28-Year-Old SBA Policy Restricts Small Business

It's tough to explain why the Small Business Administration favors banks over non-banks in its flagship SBA 7(a) loan program. For the last 28 years, the SBA has refused to license a single new non-bank lender and has restricted the ability of existing non-bank 7(a) lenders to finance their portfolios.

Since 1982, the SBA has been working to solve its 1970s operational problems by limiting the number of non-bank 7(a) licenses at 14. This Reagan Administration era policy was adopted in response to perceived poor management and high losses of the SBA during the preceding Carter Administration. Oddly, the SBA and it's Congressional overseers haven't seriously considered whether a restricted access policy still makes sense.

So while non-banks can't become licensed 7(a) lenders, literally thousands of banks only need to fill out a few forms to get into the program.

The SBA 7(a) program is the most popular source of SBA backed loans and liquidity and according to Karen Mills, the SBA Administrator, the most important program that the SBA runs. Through the 7(a) program, the SBA provides 90% loan guarantees on loans up to $5 million in size and delivers liquidity to thousands of businesses that might otherwise be frozen out of the lending markets.

The SBA 7(a) program is a great way for sick banks to be able to make loans but is only marginally useful for healthy banks. Healthy banks don't need the SBA 7(a) program to lend money to small business because they don't need the liquidity that the SBA guarantee provides and they have plenty of capital to support their loan portfolios.
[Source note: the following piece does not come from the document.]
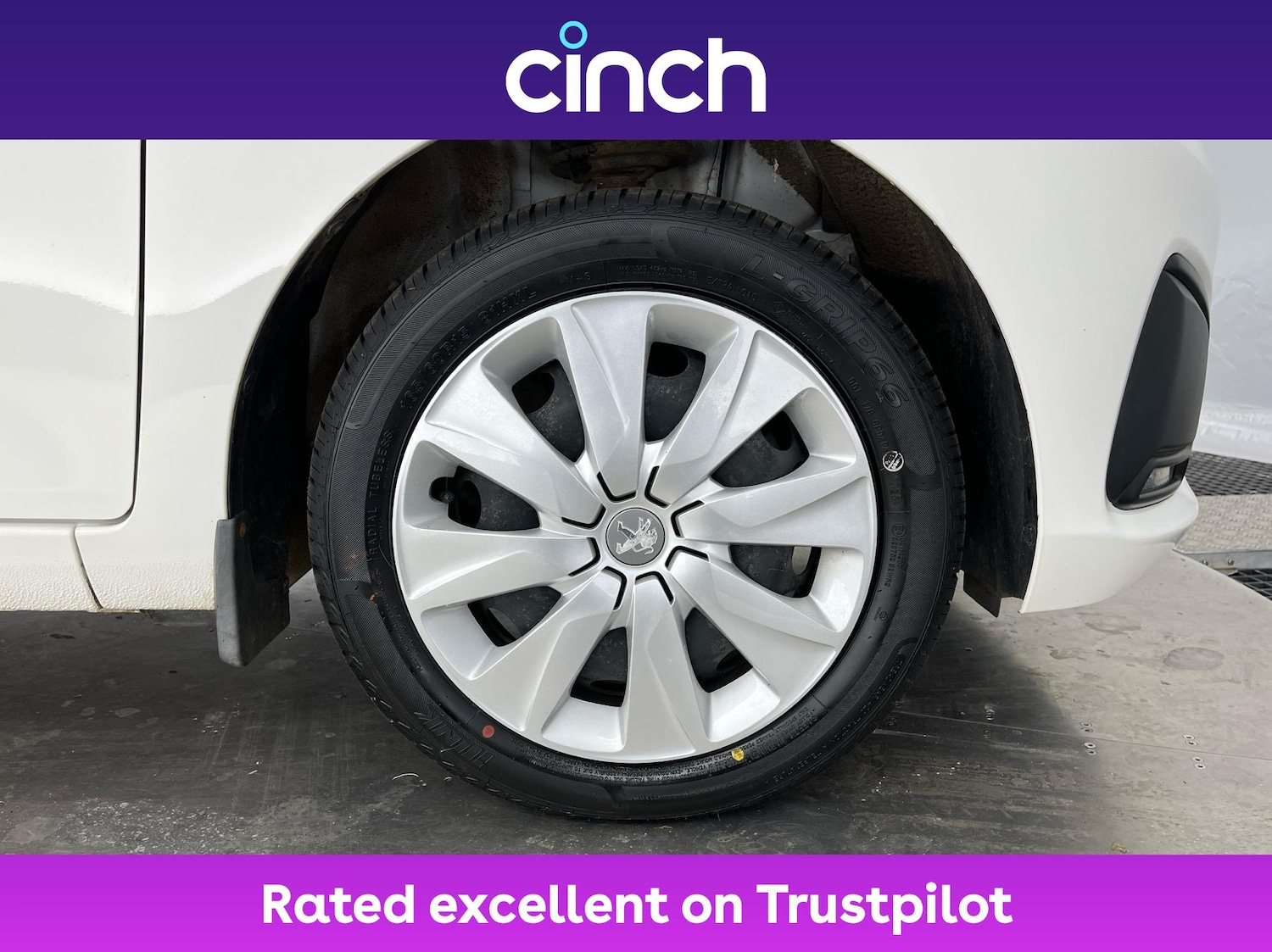 Used Peugeot 108 2018 for sale - 76395142: Photo 28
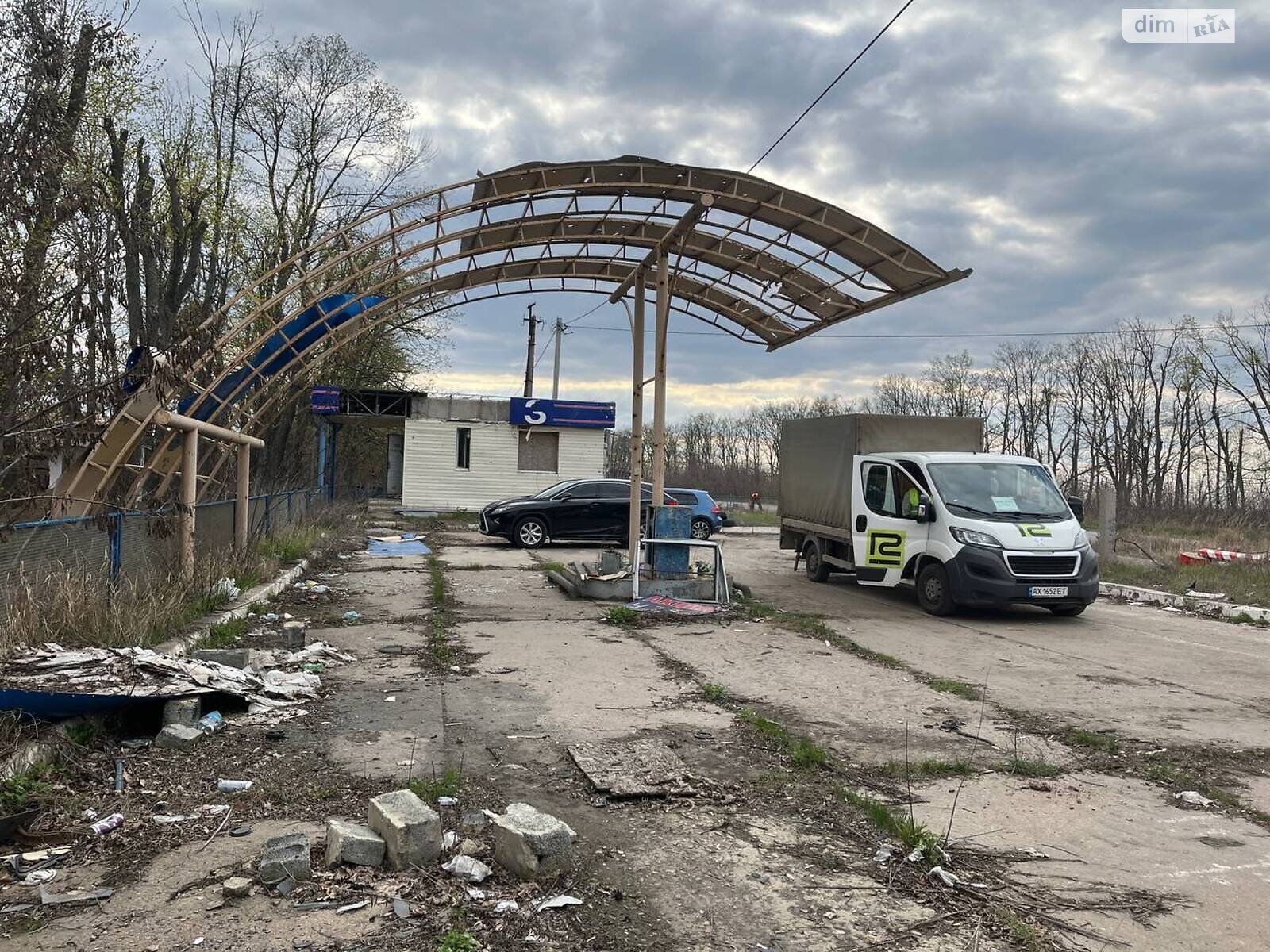 Спеціальне приміщення в Харкові, продаж по Салтівське шосе 272, район Немишлянський, ціна: 25 000 доларів за об’єкт фото 1 Спеціальне приміщення в Харкові, продаж по Салтівське шосе 272, район Немишлянський, ціна: 25 000 доларів за об’єкт фото 1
On the other hand, unhealthy banks make a lot of SBA 7(a) loans because the program solves two problems for weak institutions, a lack of capital and liquidity. Banks can both reduce their equity requirement and raise liquidity by selling the government guaranteed portion of newly originated SBA 7(a) loans into the secondary markets.

The SBA 7(a) program should be generating massive interest from healthy non-bank lenders which could get a lot of liquidity in the hands of small business owners.
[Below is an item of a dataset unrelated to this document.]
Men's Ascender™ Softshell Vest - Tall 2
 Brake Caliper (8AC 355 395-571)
Non-bank lenders don't have the advantage of funding through insured deposits and the SBA 7(a) program should largely eliminate that disadvantage.

But, instead of being able to manage funding without interference from the SBA, current non-bank lenders must get SBA permission before using their SBA 7(a) loans for liquidity. The SBA regulatory process for the 14 existing non-bank lenders is generally perceived to be cumbersome and slow and takes away most of the advantage of being a SBA 7(a) lender.

As a result, since 1982, the SBA has been hitting non-bank lenders with a one-two punch. They have refused to license new lenders and have rationed liquidity for existing lenders.

How could it possibly be a good idea for the SBA to continue to prevent healthy, well capitalized and well managed non-banks from participating in the 7(a) program while being the back door bailout of choice for weak and failing depository institutions? Especially in light of the Obama Administration emphasis on job creation through the growth of small business and bi-partisan support for the small business sector of our economy.

Now is the time for the SBA and its Congressional oversight committee to ditch the 28-year-old restricted access policy and instead bring all healthy lenders into its flagship 7(a) program.